Stromasys will be on that floor, talking about several platforms whose HP futures have already or will soon enough expire. Charon HPA, emulating the HP 3000 hardware, as well as virtualization products for the Digital systems and even Sun's Solaris computers will be demonstrated. Sarah Smith of Stromasys says it's a regular stop in the company's itinerary.
"At the booth we'll be doing demos of Charon," she said. "We've been going for years. VAX, Alpha, and PDP were all DEC products, so we talk about all of them at Discover."
Meanwhile, HP will be talking about many commodity solutions along with The Machine, its project to deliver six times more power than current computer systems on 1.25 percent of the energy. Its big idea is universal memory, driven by the elusive memristor HP first began discussing in 2008. Universal memory is as inexpensive as DRAM, as speedy as static RAM, as non-volatile as flash memory, and infinitely durable. The Machine is an HP Labs project reputed to have requisitioned 75 percent of the Labs' resources. Its delivery date is far enough out in the future that hearing about its potential is still just about all anybody expects this year, or next.
HP Innovation Brought to Life in Film will tell attendees they can "Get a glimpse into some of the revolutionary technologies HP is tackling that address the most complex challenges and opportunities for our customers and our society in the next decade and beyond." There's not much point in setting out session times for an hour on something like improving performance of an HP-specific database, because by now such a thing has dropped off HP's discovery map. That's 20th Century computing, anyway.
But despite the habit of eschewing topics like VMS, MPE, and other HP legacy creations, the company hasn't lost its taste for invention altogether. A panel of HP Labs researchers will offer "a closer look at what it takes to make The Machine change everything we know about computing. This radical new approach will fuse memory and storage, flatten data hierarchies, bring processing closer to data, embed security throughout the hardware and software stacks and enable management of the system at scale."

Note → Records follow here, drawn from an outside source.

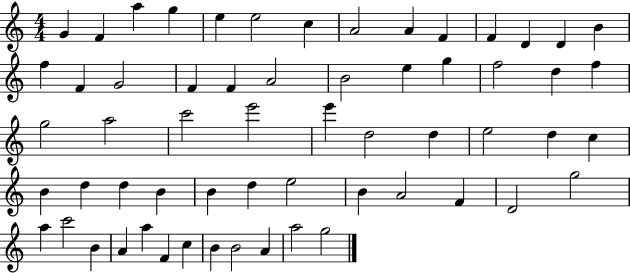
G4/q F4/q A5/q G5/q E5/q E5/h C5/q A4/h A4/q F4/q F4/q D4/q D4/q B4/q F5/q F4/q G4/h F4/q F4/q A4/h B4/h E5/q G5/q F5/h D5/q F5/q G5/h A5/h C6/h E6/h E6/q D5/h D5/q E5/h D5/q C5/q B4/q D5/q D5/q B4/q B4/q D5/q E5/h B4/q A4/h F4/q D4/h G5/h A5/q C6/h B4/q A4/q A5/q F4/q C5/q B4/q B4/h A4/q A5/h G5/h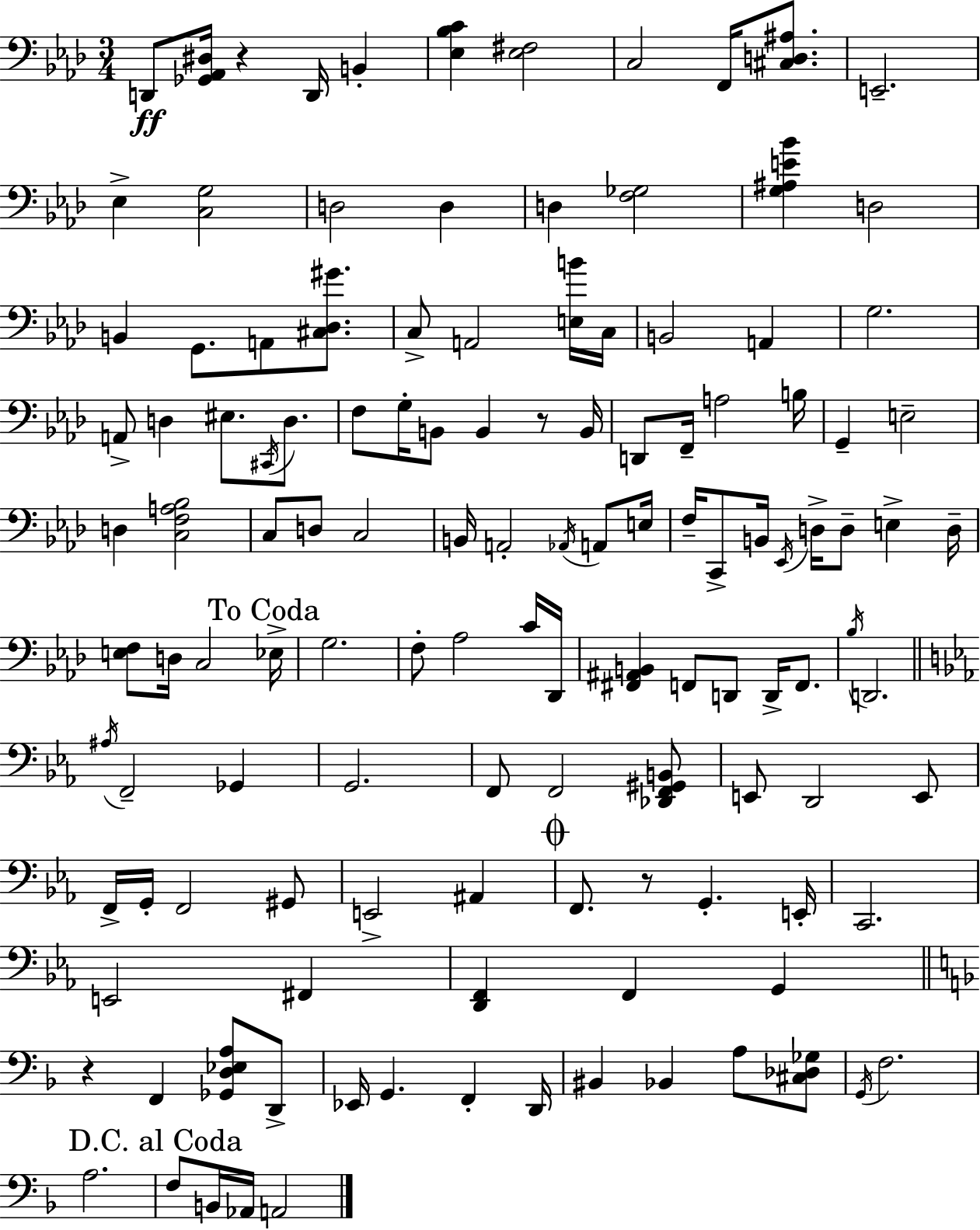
{
  \clef bass
  \numericTimeSignature
  \time 3/4
  \key aes \major
  d,8\ff <ges, aes, dis>16 r4 d,16 b,4-. | <ees bes c'>4 <ees fis>2 | c2 f,16 <cis d ais>8. | e,2.-- | \break ees4-> <c g>2 | d2 d4 | d4 <f ges>2 | <g ais e' bes'>4 d2 | \break b,4 g,8. a,8 <cis des gis'>8. | c8-> a,2 <e b'>16 c16 | b,2 a,4 | g2. | \break a,8-> d4 eis8. \acciaccatura { cis,16 } d8. | f8 g16-. b,8 b,4 r8 | b,16 d,8 f,16-- a2 | b16 g,4-- e2-- | \break d4 <c f a bes>2 | c8 d8 c2 | b,16 a,2-. \acciaccatura { aes,16 } a,8 | e16 f16-- c,8-> b,16 \acciaccatura { ees,16 } d16-> d8-- e4-> | \break d16-- <e f>8 d16 c2 | \mark "To Coda" ees16-> g2. | f8-. aes2 | c'16 des,16 <fis, ais, b,>4 f,8 d,8 d,16-> | \break f,8. \acciaccatura { bes16 } d,2. | \bar "||" \break \key ees \major \acciaccatura { ais16 } f,2-- ges,4 | g,2. | f,8 f,2 <des, f, gis, b,>8 | e,8 d,2 e,8 | \break f,16-> g,16-. f,2 gis,8 | e,2-> ais,4 | \mark \markup { \musicglyph "scripts.coda" } f,8. r8 g,4.-. | e,16-. c,2. | \break e,2 fis,4 | <d, f,>4 f,4 g,4 | \bar "||" \break \key f \major r4 f,4 <ges, d ees a>8 d,8-> | ees,16 g,4. f,4-. d,16 | bis,4 bes,4 a8 <cis des ges>8 | \acciaccatura { g,16 } f2. | \break a2. | \mark "D.C. al Coda" f8 b,16 aes,16 a,2 | \bar "|."
}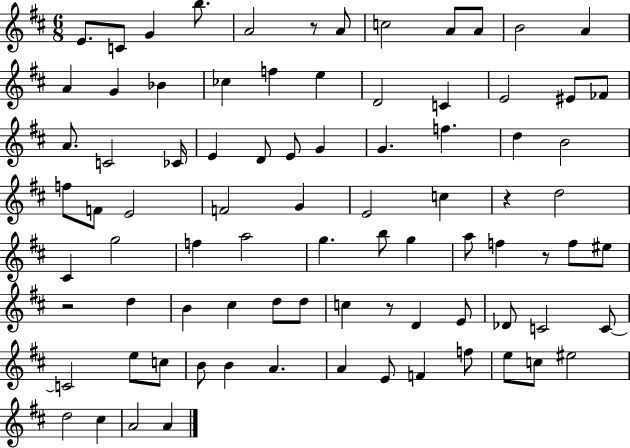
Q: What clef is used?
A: treble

There was a time when HP's chalk talk about such a product would only have emerged when the product shipped, or at least was priced. When the first HP 3000 Spectrum systems -- the PA-RISC emulated by Charon -- slipped into release, the HP Journal ran tech articles on how they were breaking ground. Aiming at a high bar like "changing everything we know about computing" sounds a lot like a concept film of the 1980s or 1990s HP. Great fun, but perhaps not as immediately useful as the networking within a SIG Forum. At least HP-UX still has that much to count upon in two weeks' time.